Wie viel diktiert Netflix?
Die Frage, die sich nun viele stellen: Haben die Streaming-Dienste ein Mitspracherecht bei der Produktion, wenn sie Schweizer Filme mitfinanzieren? Georges Wyrsch glaubt, dass dies von der Grösse der Beteiligung abhängen werde. Wenn einem Streaming-Anbieter vier Prozent abverlangt würden, dann fordere dieser sicher ein, dass er zu einem hohen Grad mitbestimmen darf, was produziert wird.

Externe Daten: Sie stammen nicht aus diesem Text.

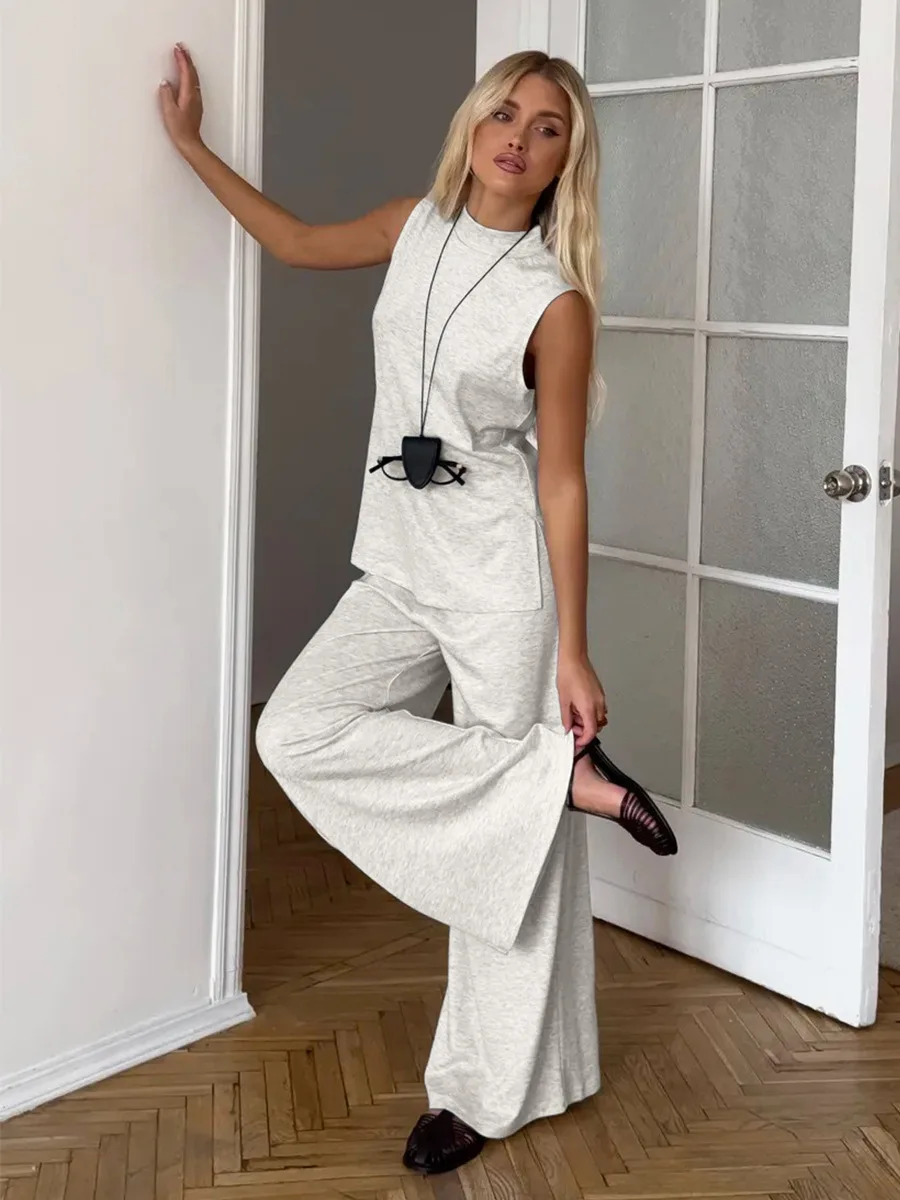 Bornladies Frühling Sommer Neues Damen-Tanktop-Hosen-Set Damen-Loungewear Ärmelloses Tanktop Weitbein-Hose Lässiges Zweiteiler-Outfit – Detail 10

Netflix habe ein sehr grosses Wissen, wie das Publikum funktioniere und was sich bereits bewährt hat, sagt der Filmjournalist. «Netflix wird wahrscheinlich Krimis wollen oder ein ‹Heidi›, Filme, die man auch in Korea zeigen kann. Wenn die Schweiz das bieten kann, dann investiert Netflix ziemlich gerne.»

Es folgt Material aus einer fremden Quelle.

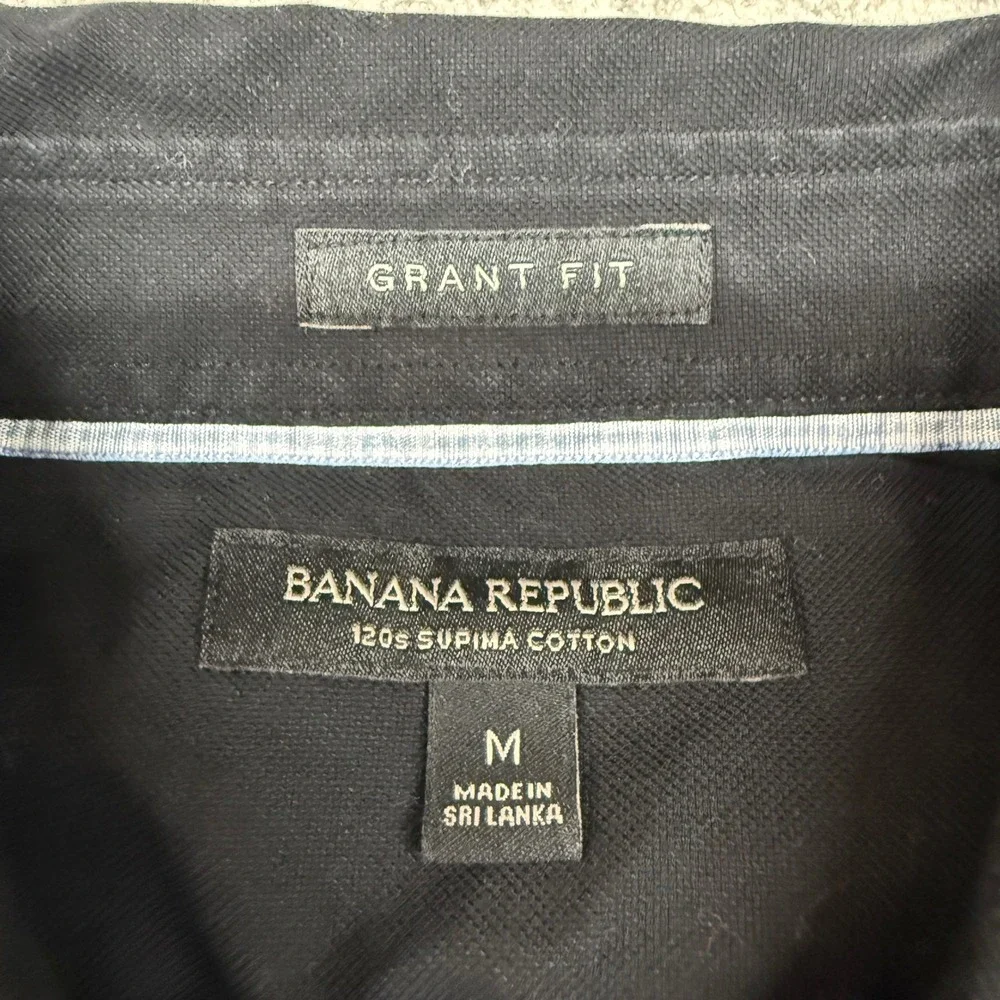 Banana Republic Button Down Shirt Medium Black Grant Fit 120s Supima Cotton Long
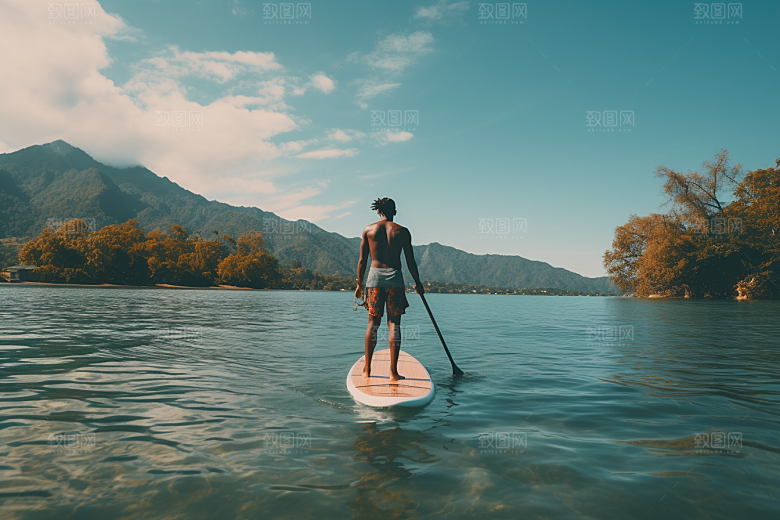 浆板运动划水水上运动摄影图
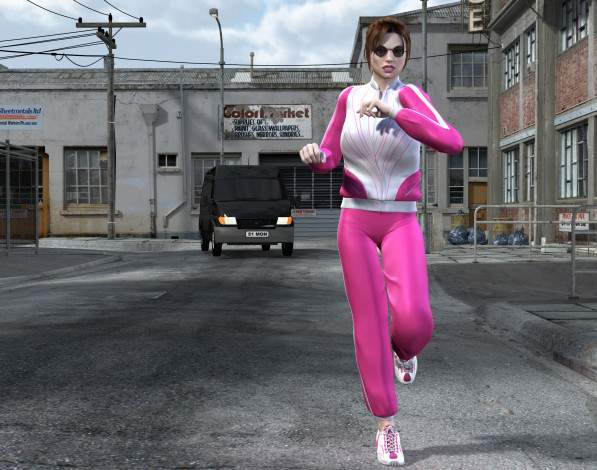 Обои картинки фото 3д графика, люди , people, улица, фон, взгляд, девушка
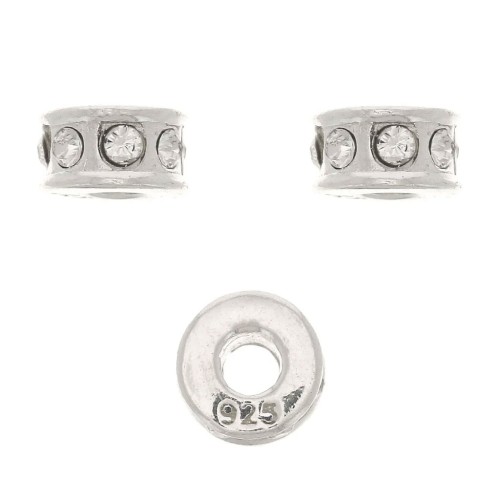 Perle rondelle strass 5 mm - Argent 925 - Crystal x1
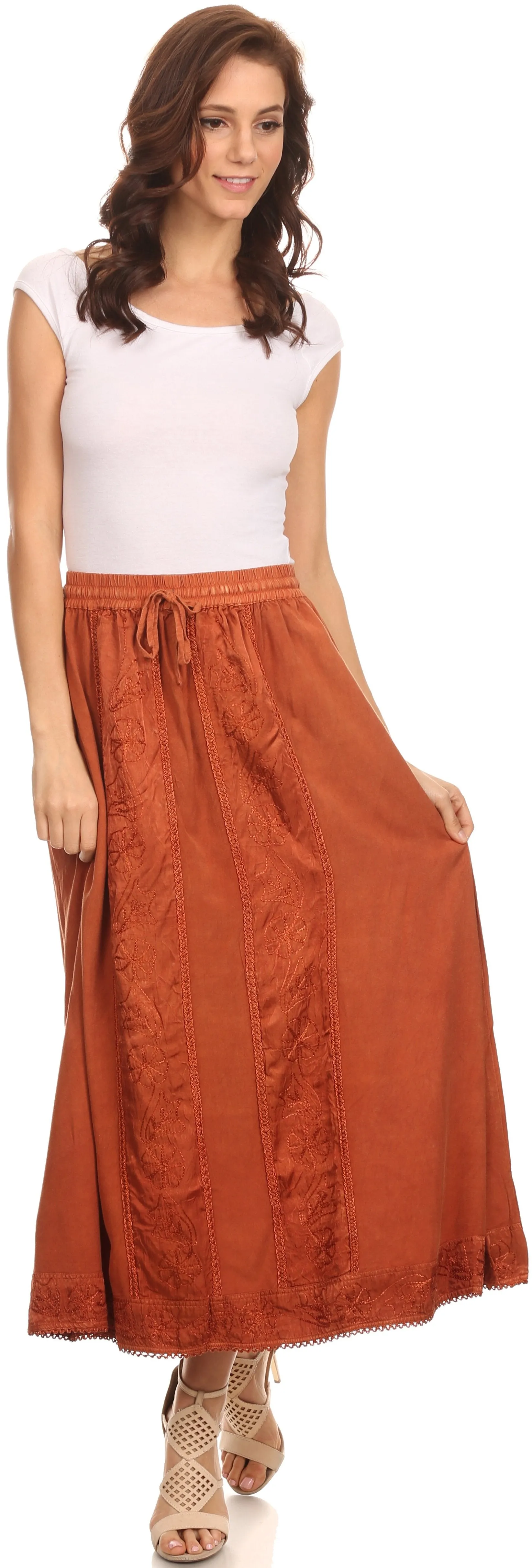 Sakkas Indra Thin Lightweight Summer Bohemian Skirt With Detailed Lace Embroidery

Einer gewinnt, einer verliert
Wyrschs grösstes Fragezeichen: Wer bekommtt am Ende wirklich das Geld? Filmbranche und Filmförderung seien breite Sparten, die vieles beinhalten: Verleihfirmen, Kinoketten, Postproduktionsfirmen und auch die Streaming-Plattformen selbst.

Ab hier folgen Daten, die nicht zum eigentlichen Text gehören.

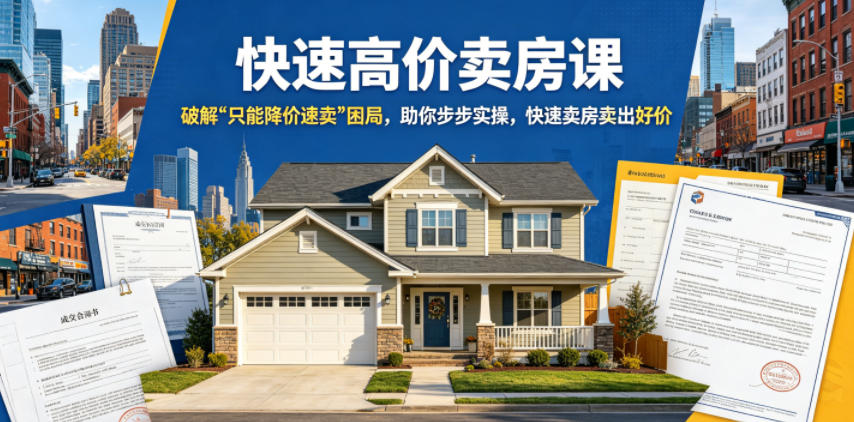 快速高价卖房课，破解“只能降价速卖”困局，助你步步实操，快速卖房卖出好价(更新2026)-搞薯条网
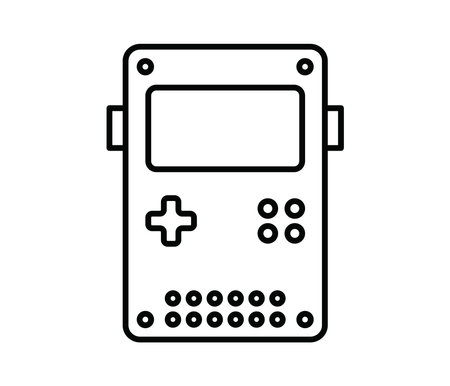 Portable handheld retro gaming console. Outline icon. Vector illustration. Object isolated on white background.のイラスト素材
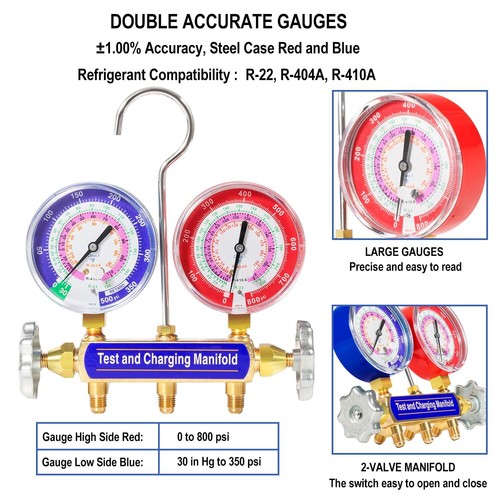 Test and Charging Manifold Gauge Set 42001 2-Valve 3 1/8inch for R22 R410A R404A - Picture 5 of 9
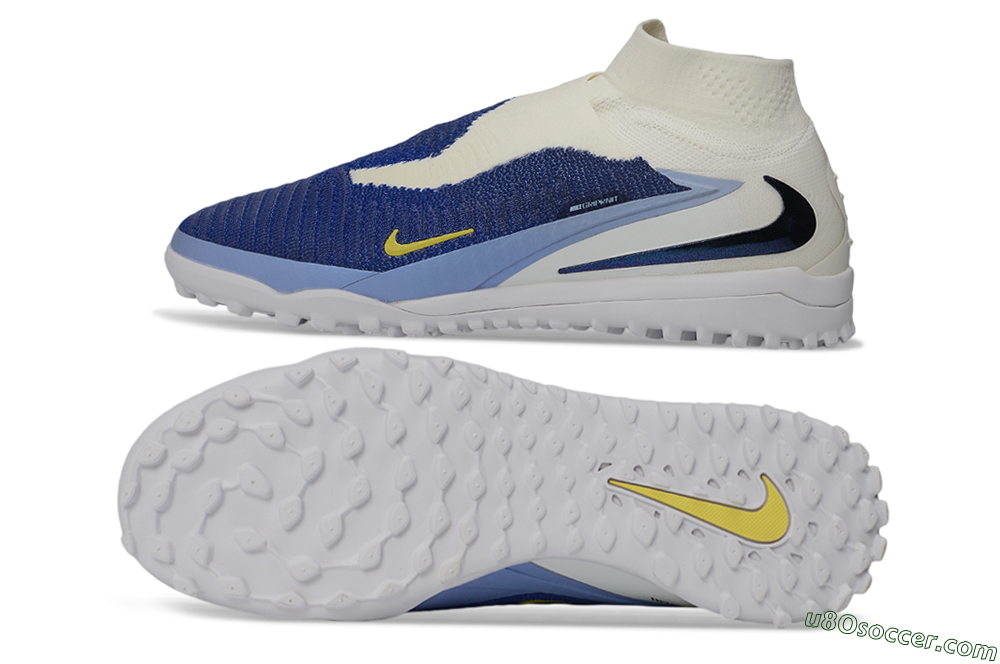 Nike Phantom 6 Elite High TF Artificial Turf Soccer Shoes - Blue/Coconut Milk/Photo Blue 0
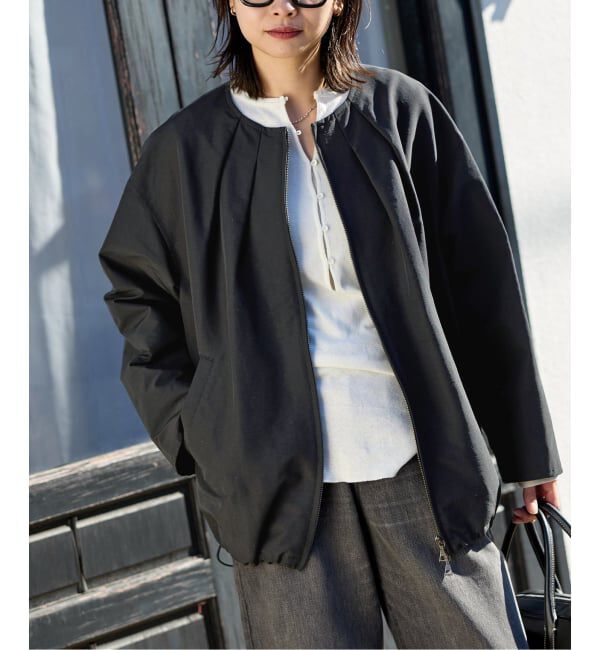 JOURNAL STANDARD「グログランノーカラーコクーンコート」|ノーカラーコート|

Die Interessen dieser verschiedenen Player gehen auseinander. «Wenn das zukünftige Geld für Schweizer Serien genutzt wird, die aber nur bei einem Anbieter laufen und überhaupt nie im Kino, dann gibt es Verlierende in diesem Geschäft.» Umgekehrt sei es das Gleiche, wenn der Bund zukünftig bei Netflix und Disney Gelder eintreibe und damit aber kleine Schweizer Arthouse-Kinofilme finanziere, die «bei allem künstlerischen Wert nur ganz wenig Leute erreichen. Das versteht dann auch niemand», bilanziert Wyrsch.